Sovereign wealth funds face tougher dealmaking as protectionism grows

Combined sovereign deal value fell last year compared to 2016


Sovereign investors are facing a tougher environment for dealmaking as rising protectionism threatens to curb inward investment and stunt trade, suggesting private market activity may have plateaued, a co-author of a report out on Monday said.

In recent years sovereign wealth funds (SWFs) have ramped up their exposure to real assets, snapping up iconic skyscrapers in London and Manhattan, luxury hotels and multi-year concessions for Australian ports.

The aim was to tap the “illiquidity premium” on offer for investors able to tie up capital for longer as an alternative to low-yielding government bonds.

But Bernardo Bortolotti, director of the sovereign investment lab at Bocconi University and co-author of a report showing a slowdown in SWF real estate and infrastructure investment in 2017, said the high watermark for private dealmaking had passed.

This is partly because some Middle East funds have rebalanced their portfolios towards more liquid assets such as equities to accommodate drawdowns from cash-strapped governments needing to plug budget gaps.

But it’s also because the United States is locked in an increasingly bitter dispute with its key trading partners, potentially reducing trade and global economic growth.

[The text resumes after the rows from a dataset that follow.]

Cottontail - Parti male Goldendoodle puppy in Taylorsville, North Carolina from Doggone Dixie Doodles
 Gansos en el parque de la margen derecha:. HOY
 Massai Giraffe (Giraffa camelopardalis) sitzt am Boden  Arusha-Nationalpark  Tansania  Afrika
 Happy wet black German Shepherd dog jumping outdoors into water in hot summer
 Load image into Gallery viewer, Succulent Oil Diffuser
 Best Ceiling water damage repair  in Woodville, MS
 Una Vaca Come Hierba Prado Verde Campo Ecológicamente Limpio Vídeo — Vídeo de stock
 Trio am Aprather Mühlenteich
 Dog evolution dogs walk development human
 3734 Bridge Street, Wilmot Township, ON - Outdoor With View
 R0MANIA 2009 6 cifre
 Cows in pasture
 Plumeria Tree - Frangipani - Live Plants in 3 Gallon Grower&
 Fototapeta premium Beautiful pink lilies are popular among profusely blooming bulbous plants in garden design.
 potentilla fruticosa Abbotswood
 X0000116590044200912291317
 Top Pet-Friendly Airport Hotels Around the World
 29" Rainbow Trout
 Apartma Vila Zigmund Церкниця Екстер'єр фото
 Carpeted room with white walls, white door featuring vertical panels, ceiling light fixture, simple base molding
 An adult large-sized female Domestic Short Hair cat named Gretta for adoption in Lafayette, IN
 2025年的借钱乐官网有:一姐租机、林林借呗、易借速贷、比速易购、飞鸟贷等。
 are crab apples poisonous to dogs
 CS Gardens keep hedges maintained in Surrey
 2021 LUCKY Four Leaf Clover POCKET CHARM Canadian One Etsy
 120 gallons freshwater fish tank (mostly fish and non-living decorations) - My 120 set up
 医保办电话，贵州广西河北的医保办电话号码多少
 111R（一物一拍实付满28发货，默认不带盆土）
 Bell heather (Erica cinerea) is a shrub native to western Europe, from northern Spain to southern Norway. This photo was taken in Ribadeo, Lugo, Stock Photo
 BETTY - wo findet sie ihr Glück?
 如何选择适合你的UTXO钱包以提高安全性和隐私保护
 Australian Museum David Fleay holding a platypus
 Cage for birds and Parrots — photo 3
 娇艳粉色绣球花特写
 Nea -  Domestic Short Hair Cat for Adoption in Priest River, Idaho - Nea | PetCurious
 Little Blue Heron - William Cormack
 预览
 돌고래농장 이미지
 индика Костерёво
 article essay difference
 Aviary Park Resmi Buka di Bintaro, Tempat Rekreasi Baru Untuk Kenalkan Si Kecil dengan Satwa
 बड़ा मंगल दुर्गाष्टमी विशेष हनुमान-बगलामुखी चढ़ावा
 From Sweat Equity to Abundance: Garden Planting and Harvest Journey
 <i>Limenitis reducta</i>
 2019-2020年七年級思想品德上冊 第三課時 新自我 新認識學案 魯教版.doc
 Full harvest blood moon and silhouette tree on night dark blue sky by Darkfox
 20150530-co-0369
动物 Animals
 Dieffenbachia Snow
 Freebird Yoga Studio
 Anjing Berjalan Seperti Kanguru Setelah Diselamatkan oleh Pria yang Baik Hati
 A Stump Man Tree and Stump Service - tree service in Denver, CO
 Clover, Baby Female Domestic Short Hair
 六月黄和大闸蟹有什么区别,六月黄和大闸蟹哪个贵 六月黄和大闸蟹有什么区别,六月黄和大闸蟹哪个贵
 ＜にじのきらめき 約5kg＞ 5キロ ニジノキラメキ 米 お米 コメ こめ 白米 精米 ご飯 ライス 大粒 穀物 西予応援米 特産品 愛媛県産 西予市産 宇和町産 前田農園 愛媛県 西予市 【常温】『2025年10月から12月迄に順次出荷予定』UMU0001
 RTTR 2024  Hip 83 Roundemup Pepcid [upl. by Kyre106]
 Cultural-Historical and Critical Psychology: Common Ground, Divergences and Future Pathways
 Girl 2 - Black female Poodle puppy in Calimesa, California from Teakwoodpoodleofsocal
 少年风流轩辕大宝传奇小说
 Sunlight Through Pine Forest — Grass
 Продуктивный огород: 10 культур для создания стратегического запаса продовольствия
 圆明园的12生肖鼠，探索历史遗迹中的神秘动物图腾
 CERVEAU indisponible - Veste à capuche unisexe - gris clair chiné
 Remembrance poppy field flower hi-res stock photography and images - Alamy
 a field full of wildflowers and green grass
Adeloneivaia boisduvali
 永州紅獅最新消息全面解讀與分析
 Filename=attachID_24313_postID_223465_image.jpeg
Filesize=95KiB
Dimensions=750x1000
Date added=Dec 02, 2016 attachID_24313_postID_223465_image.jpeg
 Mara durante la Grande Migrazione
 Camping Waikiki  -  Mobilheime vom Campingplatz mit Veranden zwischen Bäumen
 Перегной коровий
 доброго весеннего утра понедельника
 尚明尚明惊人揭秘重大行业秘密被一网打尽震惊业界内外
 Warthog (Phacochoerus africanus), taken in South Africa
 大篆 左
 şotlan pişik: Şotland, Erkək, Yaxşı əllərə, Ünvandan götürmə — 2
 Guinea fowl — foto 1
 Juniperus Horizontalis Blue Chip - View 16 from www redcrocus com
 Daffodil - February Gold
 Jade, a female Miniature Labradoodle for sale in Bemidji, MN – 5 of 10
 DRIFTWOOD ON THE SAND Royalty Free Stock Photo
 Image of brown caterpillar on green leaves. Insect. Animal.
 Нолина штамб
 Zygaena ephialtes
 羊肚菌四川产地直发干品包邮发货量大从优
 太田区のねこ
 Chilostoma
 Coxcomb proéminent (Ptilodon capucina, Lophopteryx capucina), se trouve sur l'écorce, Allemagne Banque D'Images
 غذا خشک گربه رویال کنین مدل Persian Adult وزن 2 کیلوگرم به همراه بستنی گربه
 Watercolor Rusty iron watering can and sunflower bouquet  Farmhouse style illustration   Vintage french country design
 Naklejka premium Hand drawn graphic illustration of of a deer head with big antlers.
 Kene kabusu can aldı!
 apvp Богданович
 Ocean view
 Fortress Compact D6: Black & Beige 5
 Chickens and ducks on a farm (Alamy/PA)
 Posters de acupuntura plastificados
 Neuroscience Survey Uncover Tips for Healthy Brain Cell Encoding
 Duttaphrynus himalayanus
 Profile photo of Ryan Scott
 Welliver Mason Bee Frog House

Read: Over a third of sovereign wealth funds plan to cut equity holdings on trade war fears

Bortolotti warned that if exports fell, SWF growth rates and activity would also slow: “They still have $6 trillion-plus to deploy but we have a structural break in the accumulation of assets,” he said.

“We are at a turning point … Unless Asia can create an area of regional free trade to replace the intercontinental flows then the same issues that are emerging now in the Gulf could also emerge in Asia.”

In July, Singapore’s GIC, a big sovereign investor in real assets, said it expected lower long-term returns in an uncertain investment climate. This echoed comments from peer Temasek which is looking to temper the pace of its investments as trade tensions ratchet up. China’s CIC also expressed concerns.

According to the SWF investment activity report produced in association with the International Forum of SWFs (IFSWF), the number of property deals fell to 42 in 2017 from 77 a year earlier while infrastructure investments fell to 28 from 33.

Combined deal value fell to $23.2bn in 2017 from $25bn.

Read: Saudi’s Public Investment Fund climbs sovereign rankings after active 2017

SWFs are finding it more difficult to find suitable properties in the commercial and office space – traditionally favoured targets – as more investors have entered the market, driving up prices.

“There’s more competition from Chinese insurers and large Asian institutions looking at core real estate in London and New York,” said Victoria Barbary, IFSWF director of strategy and communications.

Growing protectionism is also likely to stymie foreign direct investment in strategic sectors, Bortolotti said.

“Investing in US infrastructure will be very difficult now from a political standpoint – any kind of investment from China will be more carefully scrutinised, and that is spilling over into Europe.”

The US wants to beef up the powers of its Committee on Foreign Investment in the United States (CFIUS) to review transactions for national security risks.

As a result, SWFs are turning to Asia and Latin America, often investing through tie-ups with government entities to mitigate risk. In 2017, they completed 17 direct investments in emerging market infrastructure, worth $3.8bn, versus 11 deals in developed markets, worth $4.2bn.

“Working with a local partner, which may be a sovereign fund or strategic fund, makes these investments a lot more attractive,” said Barbary.